Excerpts from a dataset
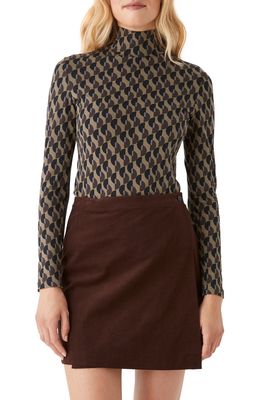 Frank And Oak Mock Neck Print Long Sleeve Shirt in Chocolate Chip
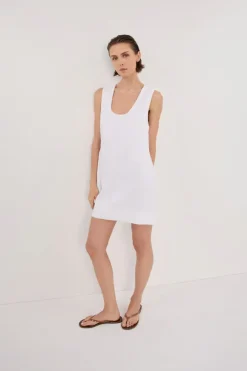 LOTUS WHITE LINEN MINI DRESS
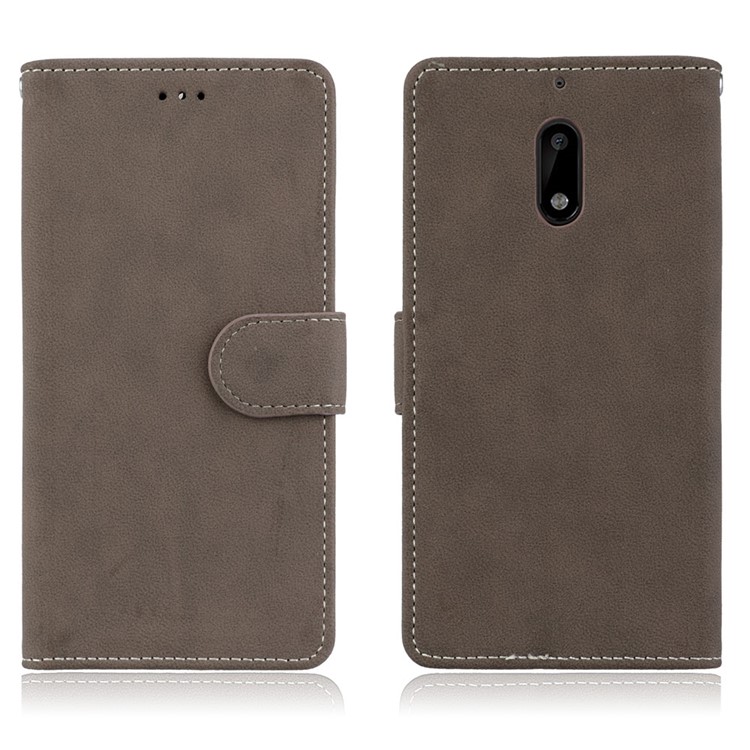 Matte Surface PU Leather 3 Card Slots Wallet Stand Mobile Phone Case for Nokia 6 - Brown-2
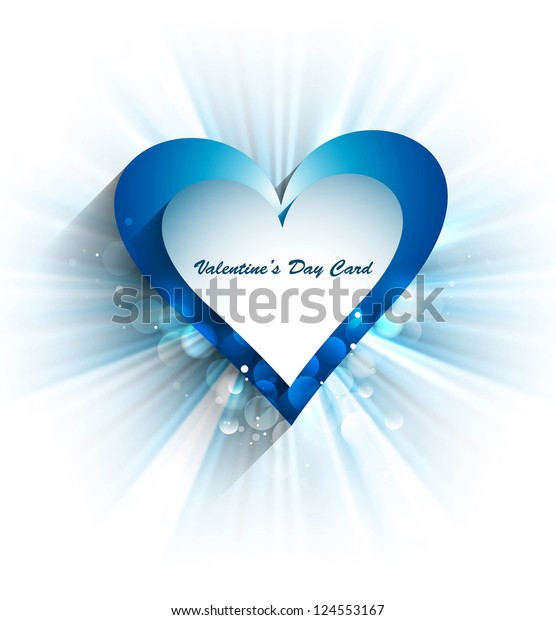 Beautiful Valentines Day Blue Colorful Heart Stock Vector (Royalty Free ...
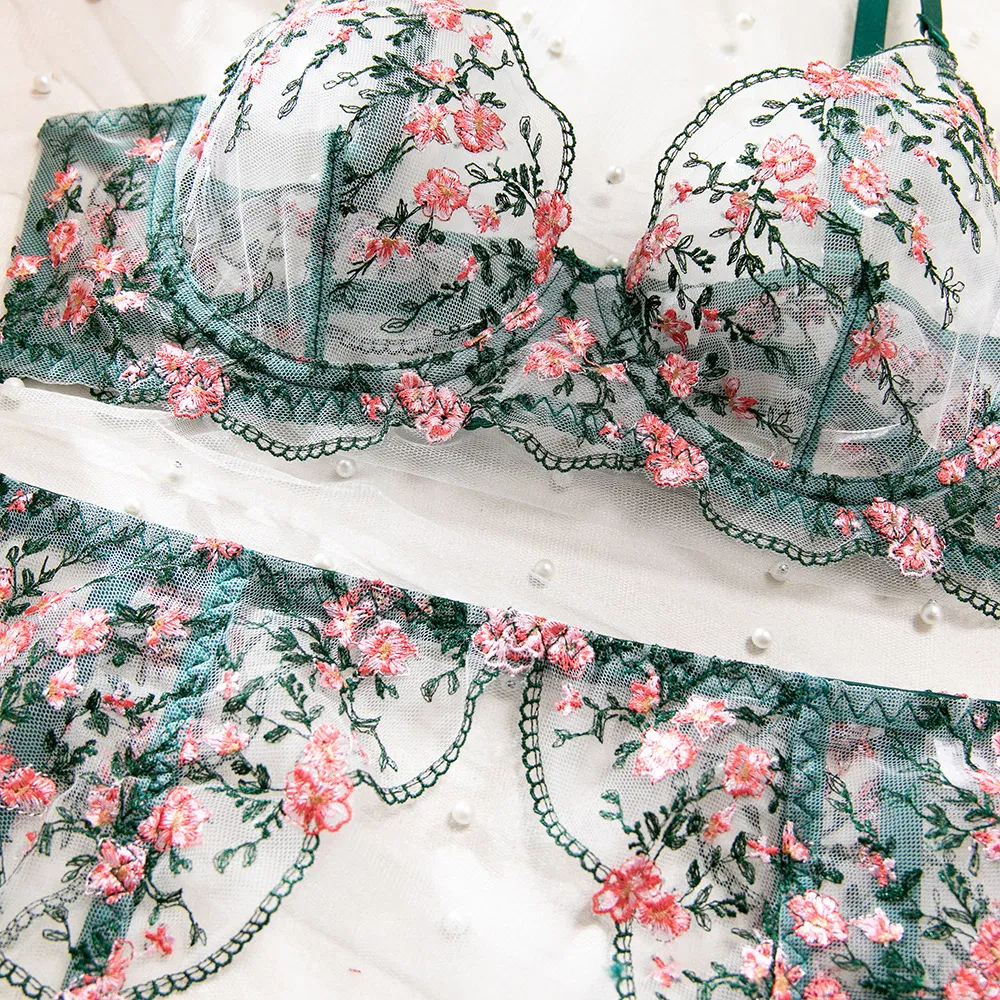New Flower Embroidery Bra Brief Set Sexy High Quality See-Through Mesh Woman Lingerie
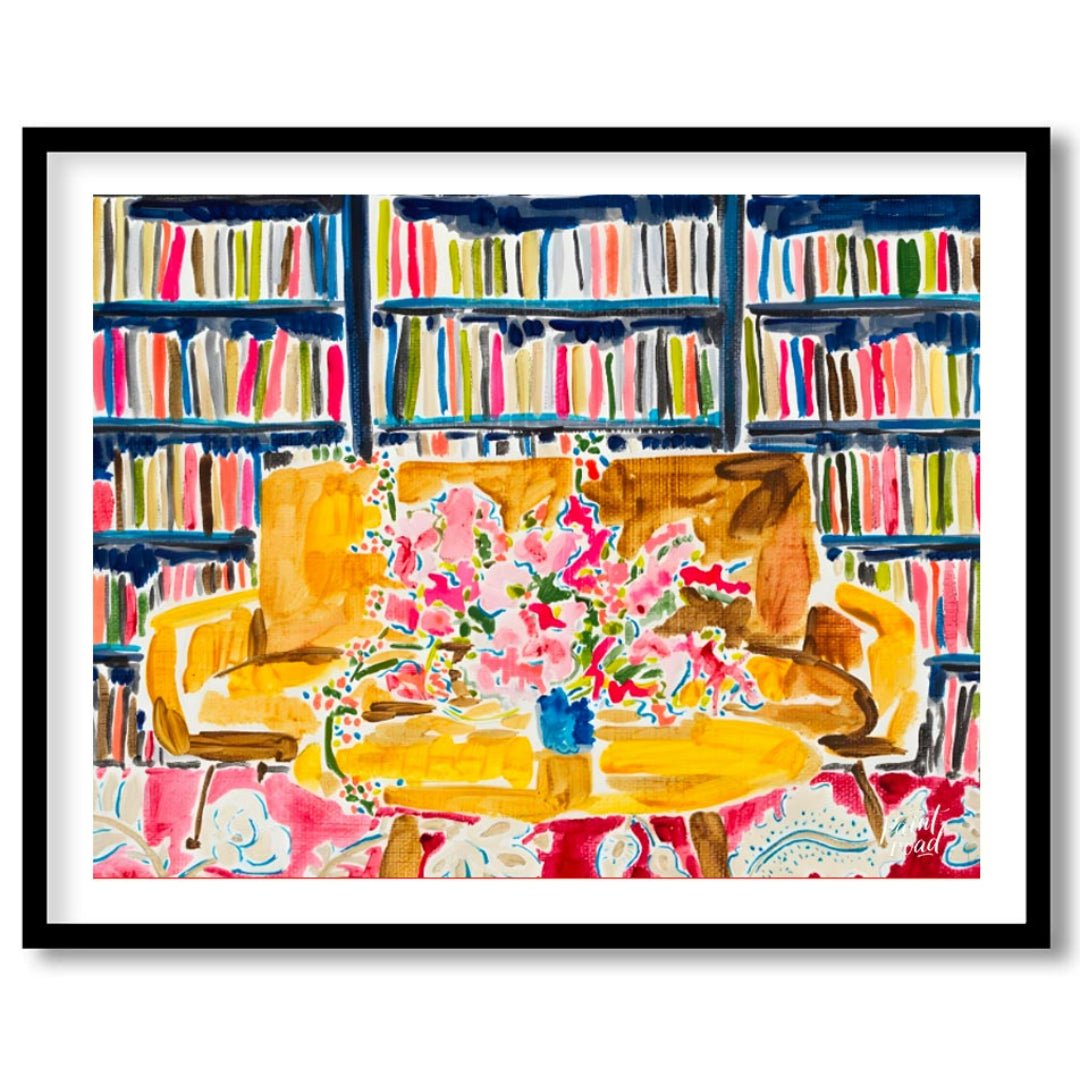 "Library Bloom" presents a vibrant interior scene featuring a bouquet of flowers on a table, set ag… for house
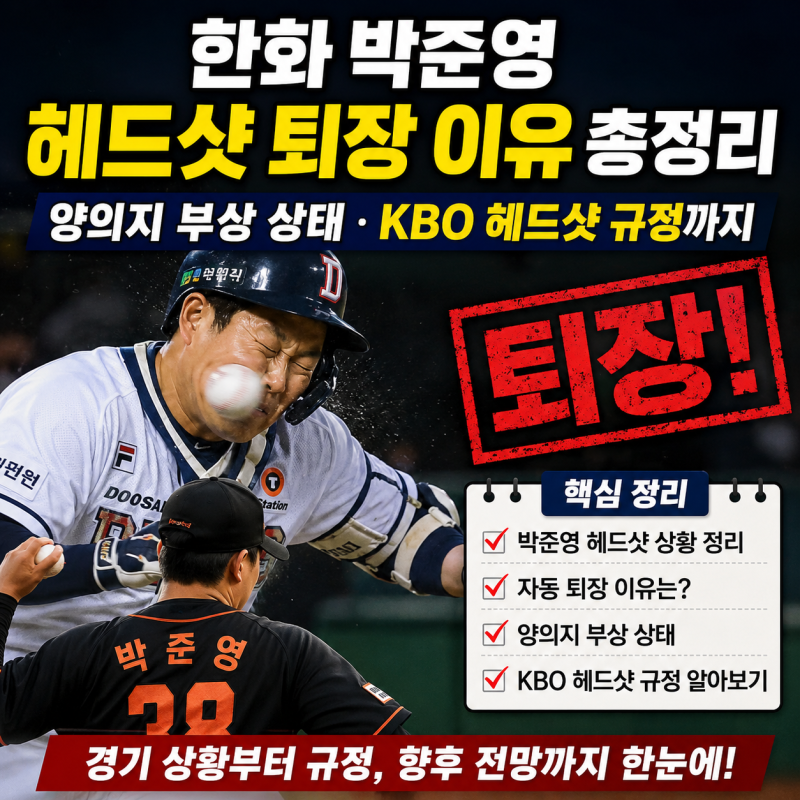 한화 박준영 헤드샷 퇴장 이유 총정리｜양의지 부상 상태·KBO 헤드샷 규정까지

## WHAT YOU ARE ASKED TO DO
In your copy, omit the pictures and restate every line of the data word for word.

## RESPONSE BELOW
 Frank And Oak Mock Neck Print Long Sleeve Shirt in Chocolate Chip
 LOTUS WHITE LINEN MINI DRESS
 Matte Surface PU Leather 3 Card Slots Wallet Stand Mobile Phone Case for Nokia 6 - Brown-2
 Beautiful Valentines Day Blue Colorful Heart Stock Vector (Royalty Free ...
New Flower Embroidery Bra Brief Set Sexy High Quality See-Through Mesh Woman Lingerie
 "Library Bloom" presents a vibrant interior scene featuring a bouquet of flowers on a table, set ag… for house
 한화 박준영 헤드샷 퇴장 이유 총정리｜양의지 부상 상태·KBO 헤드샷 규정까지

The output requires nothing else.